Venaient ensuite des slogans plus classiques, où les manifestants demandaient la démission du gouvernement ou proclamaient qu'ils ne s'inclineraient désormais plus que devant Dieu. À un moment fut chanté le slogan «Nous sacrifierons notre sang et notre âme pour Bahreïn», le même que celui que hurlaient le lundi soir les quelque 70.000 manifestants progouvernementaux réunis autour de la grande mosquée de Manama.

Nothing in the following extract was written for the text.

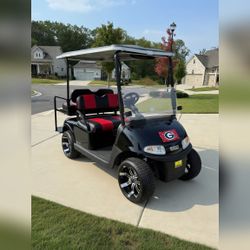 EZ-GO RXV Golf Cart Black with Red Seats - Like New – Flowery Branch, GA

Peu avant d'arriver à la place de la Perle, le cortège des femmes se mit à marcher, sur l'autoroute, parallèlement à celui des hommes. «Sunnites, chiites, nous sommes tous frères !» chantaient les hommes ; «Non, non, non, notre pays n'est pas à vendre !» ( sous-entendu, à l'Arabie saoudite comme à l'Iran), leur répondaient les femmes. Les protestataires accusent le pouvoir de vouloir diviser pour régner et de nourrir un artificiel antagonisme chiites-sunnites en brandissant la menace de l'Iran (qui réclama en vain la souveraineté sur Bahreïn en 1971, lors de l'indépendance accordée par les Britanniques). À 98 % chiites, les protestataires de mardi assuraient rejeter le confessionnalisme et ne réclamer qu'un régime parlementaire à la britannique, où chiites, sunnites, chrétiens et juifs - il y a quelques vieilles familles de commerçants israélites et même une synagogue à Manama - jouiraient tous des mêmes droits. Mais nombreux sont les sunnites à ne pas les croire et à penser que la monarchie constitutionnelle ne serait qu'une première étape vers une république plus ou moins inféodée à l'Iran chiite.
Une mobilisation déterminée
Dans le Bahreïn traumatisé par les inutiles violences policières de la semaine dernière, on sent maintenant, chez les chiites comme chez les sunnites, une volonté de ne pas envenimer les choses, de ne pas provoquer l'autre partie. Ici, la sanglante guerre civile sunnites-chiites d'Irak en 2006 n'a pas été oubliée. Cependant, face à une mobilisation aussi vaste, calme et déterminée, la récente clémence du gouvernement (libération des prisonniers d'expression et retour de l'exilé le plus connu, un mollah à barbe blanche) ne suffira pas à assouvir les exigences des manifestants. On ne voit désormais pas comment la dynastie des Khalifa pourrait échapper à de réelles concessions politiques.